* _What to do_
Take the entries that follow and return only the lines from the one with "Helloshop26 - Stapelbare" through the final line, leaving every picture behind.

* _Supplied information_
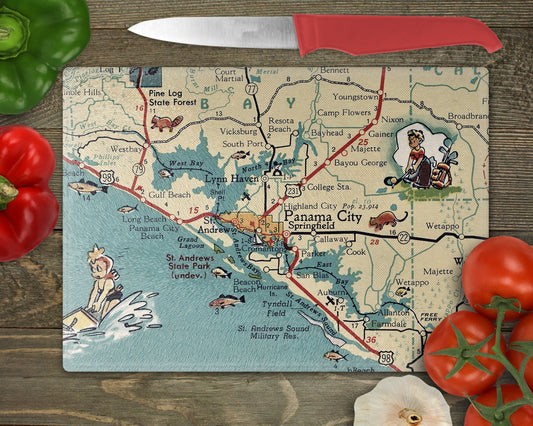 Panama City Florida Map Cutting Board | Travel Gift | Kitchen Decor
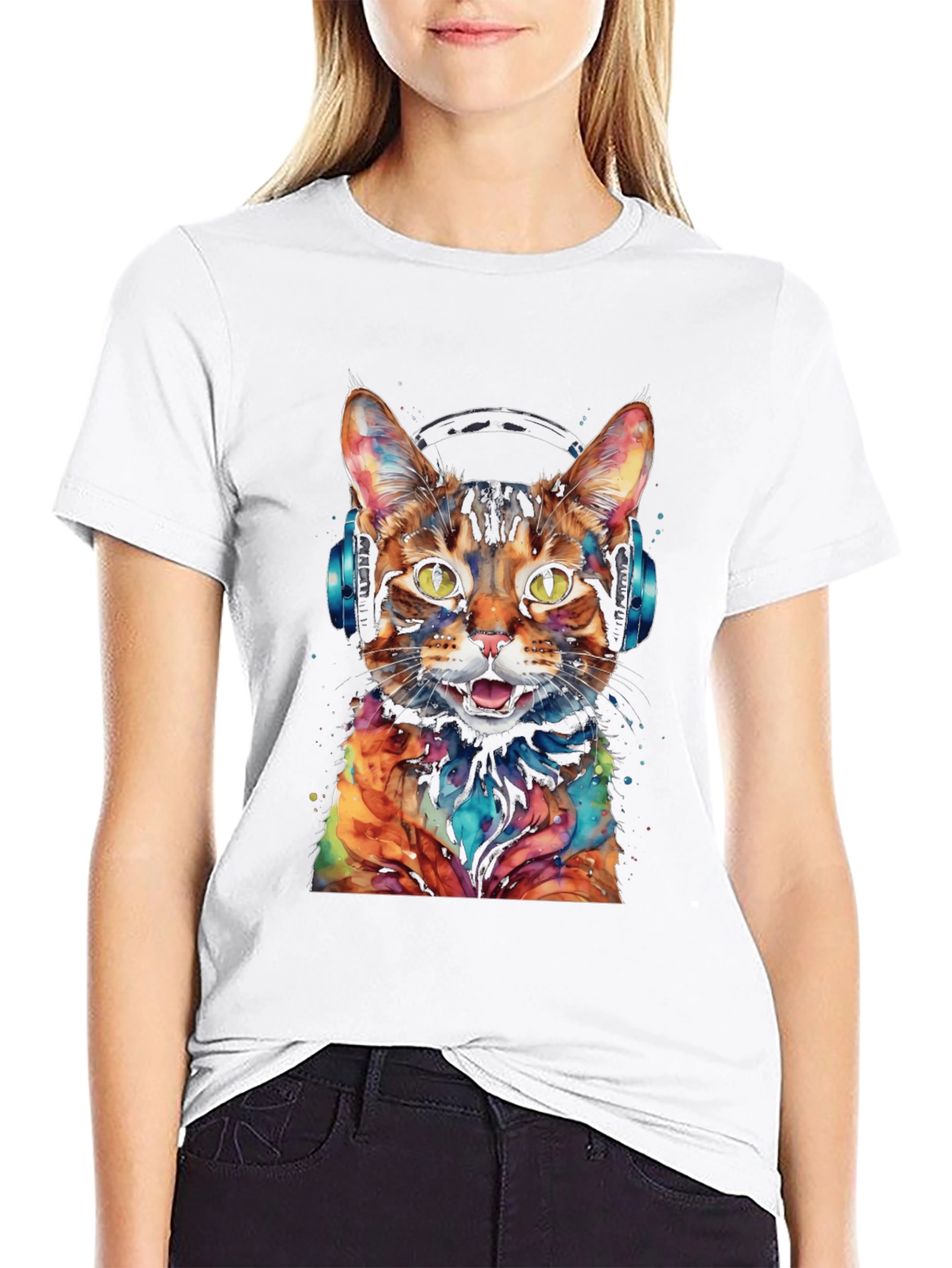 Cool Cat with Headphones Graphic Tee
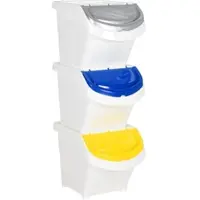 Helloshop26 - Stapelbare Behälter mit Deckel 3 Stück weiß PP 78 l 02_0006114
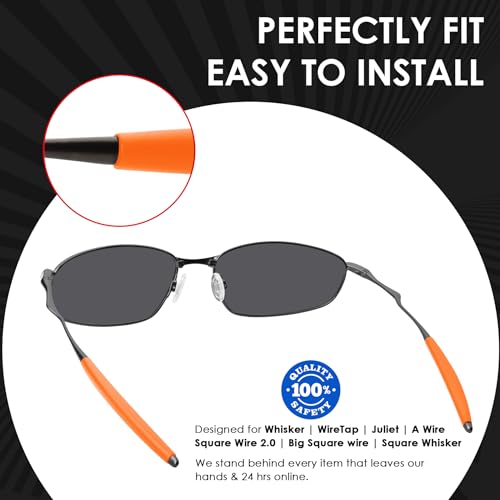 Image of BLAZERBUCK Replacement Temple Sleeves Ear Socks for Oakley Whisker /Juliet /A Wire Sunglass - Black + Orange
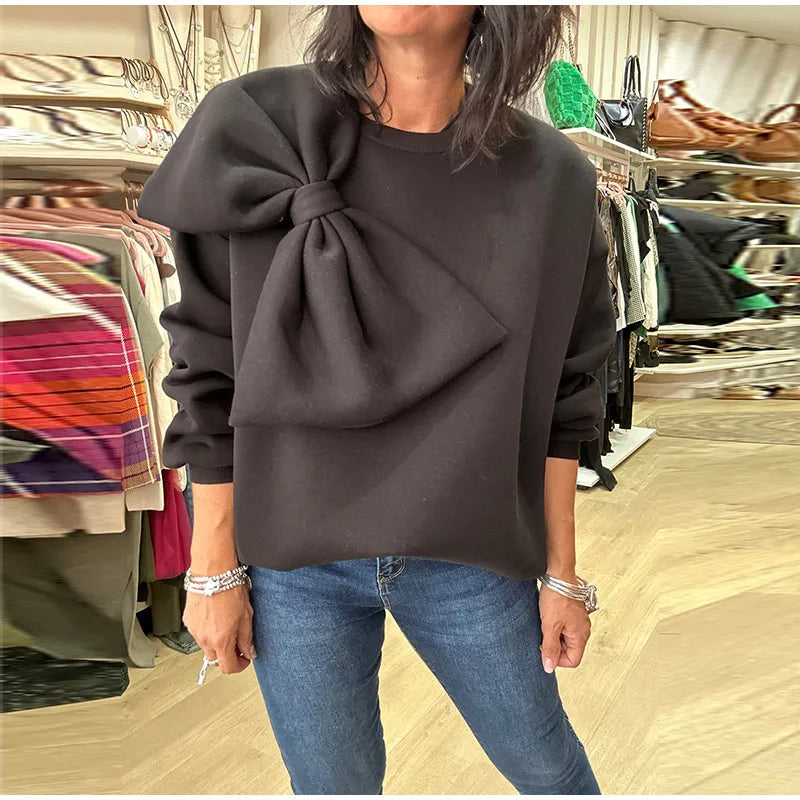 Solide Bogen Oansatz Frauen Sweatshirts Lose Langarm Casual Weibliche Pullover 2024 Frühling Mode Alle-spiel Dame Frau Kleidung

* _Answer for the task_
 Helloshop26 - Stapelbare Behälter mit Deckel 3 Stück weiß PP 78 l 02_0006114
 Image of BLAZERBUCK Replacement Temple Sleeves Ear Socks for Oakley Whisker /Juliet /A Wire Sunglass - Black + Orange
 Solide Bogen Oansatz Frauen Sweatshirts Lose Langarm Casual Weibliche Pullover 2024 Frühling Mode Alle-spiel Dame Frau Kleidung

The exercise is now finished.